CC reader C5Karl knows a rare car when he sees one; finding a BF-series 323 with a turbo is rare enough, but finding one without all-wheel drive is especially uncommon. I actually saw this uploaded to the cohort several months ago, but never got around to posting it. After finding a rather rough one for sale on Los Angeles Craigslist, though, I figured I’d give this car its CC due.
I can’t help but love Mazdas of this era because they look so plain but perform so well relative to their competition. That’s especially true in the case of this four-door, which married its 132 torquey, mildly tuned turbocharged horses with a curb weight a good 300 pounds lesser than that of its all-wheel drive hatchback cousin, the 323 GTX (so, about 2300 pounds).
It’s not as if these cars couldn’t handle, either. Early generations of Mazda’s front-drive sedans distinguished themselves with good handling, despite their other shortcomings. Unlike so many competing cars, it seems that engineers in Hiroshima knew that the rear-wheels could be used for more than simply supporting the back of the car, and the result was European-style throttle adjustability.

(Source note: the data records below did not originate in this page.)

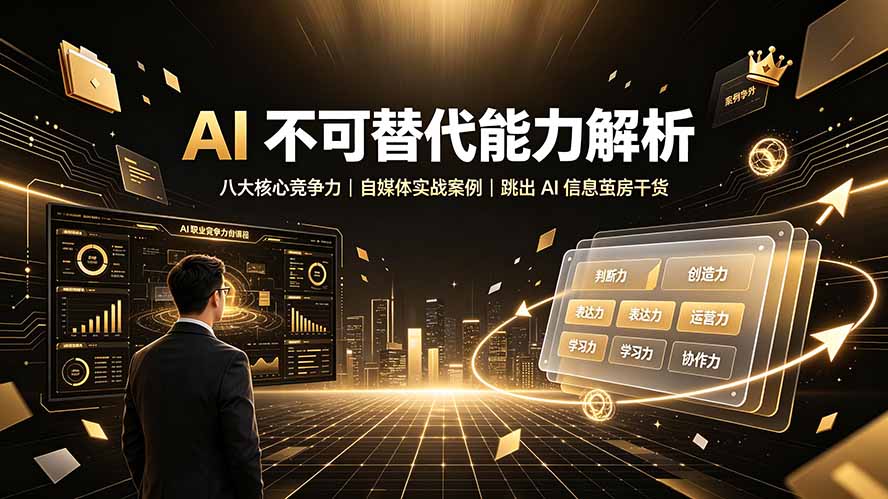 付费文章:AI 不可替代能力解析▸八大核心竞争力|自媒体实战案例|跳出 AI 信息茧房干货-泱泱学习社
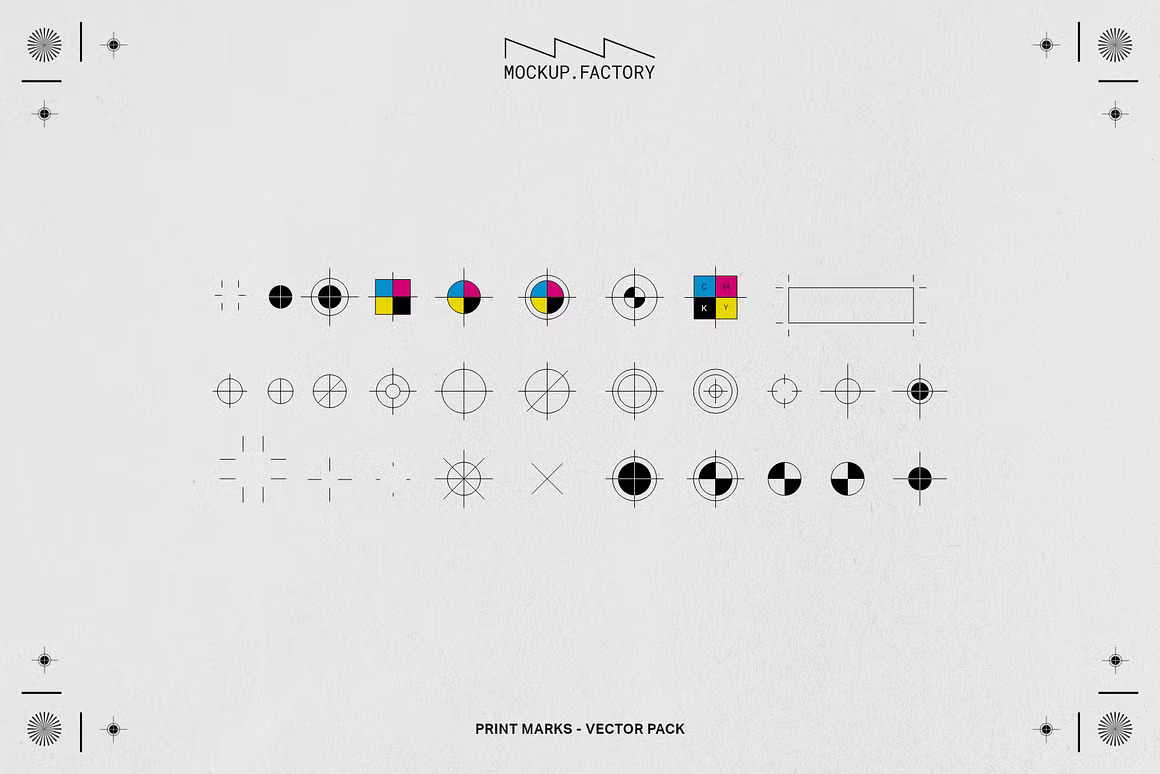 120款的创意CMYK打印印刷出血裁剪标注标记符号PNG免抠图设计素材 Print Marks | 120+ Vector Assets 图片素材 sucaiwan.com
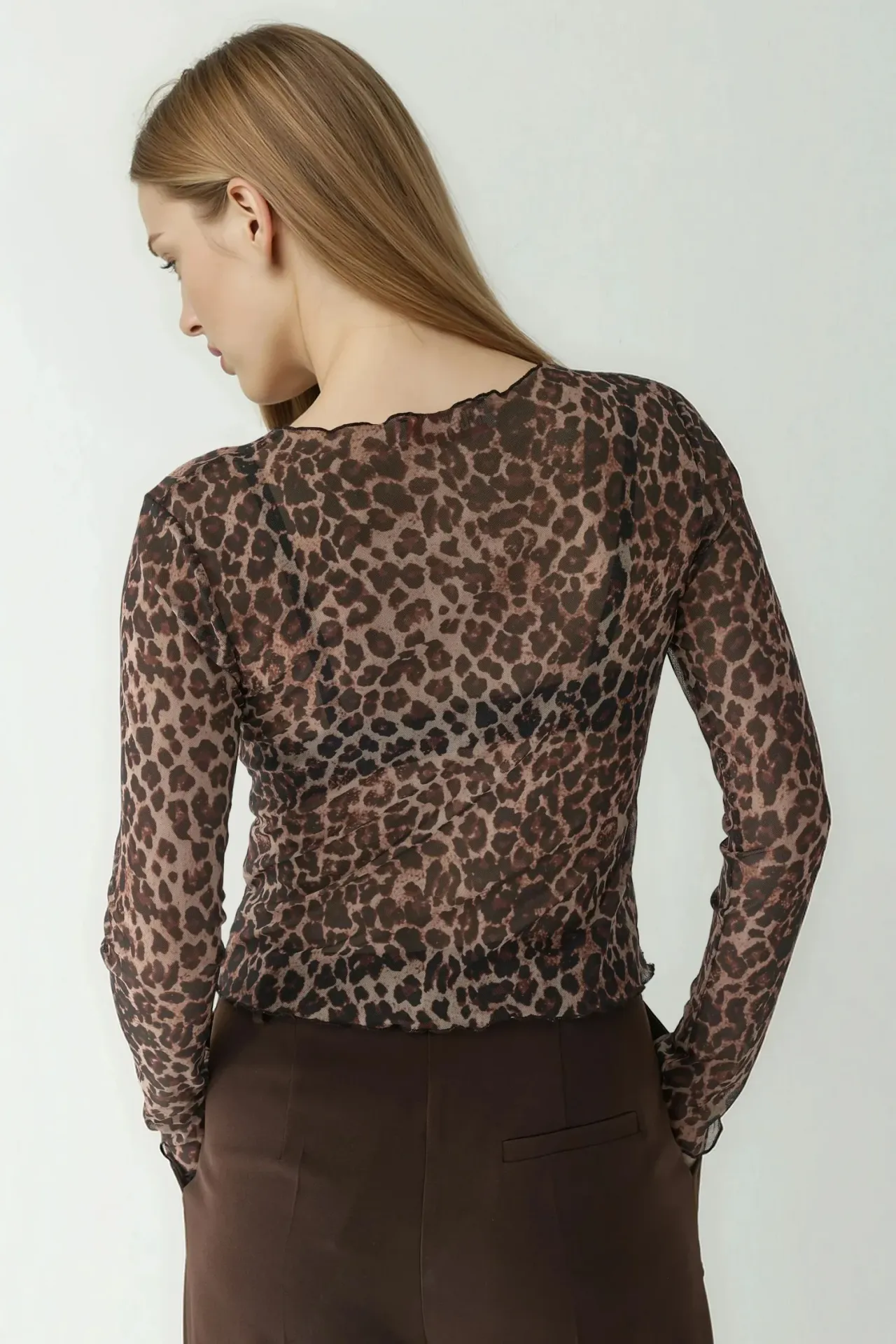 Patterned Crew Neck Top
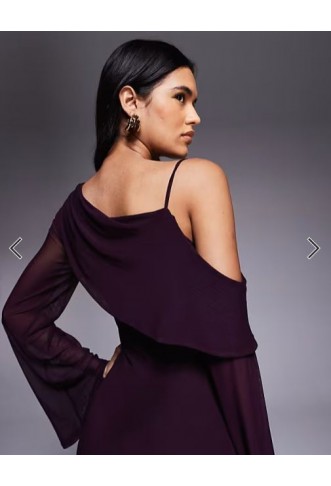 ASOS DESIGN mesh folded neckline midi dress with fallen shoulder in plum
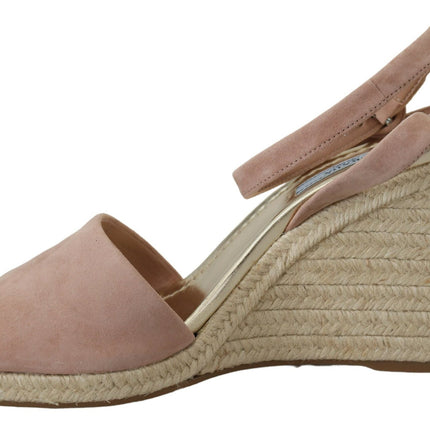 Prada Pink Suede Leather Ankle Strap Sandals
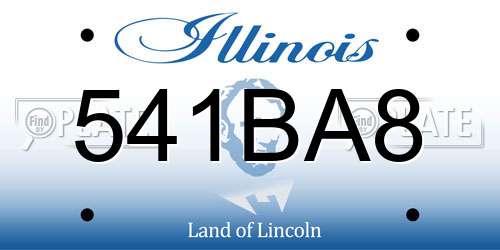 541BA8 Illinois License Plate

All-wheel drive cars may understeer less under power, but a well-tuned front-wheel drive car is more tail-happy under trailing throttle, and the best pocket-rockets have been powered by their front wheels only. If the other 323s and Escort GTs I’ve driven are any indication, this car probably has a more lively feel on tarmac than the dirt-devil GTX.
Combine the less glamorous two-wheel drive with the stiffer, ultra-conservative sedan body, and you have the very obscure, fun car seen here. And apparently, it’s quite the well-kept secret, since the few which were sold are mostly gone and don’t cost a ton on the market today. Certainly puts those $5-10k CRXs into some perspective doesn’t it?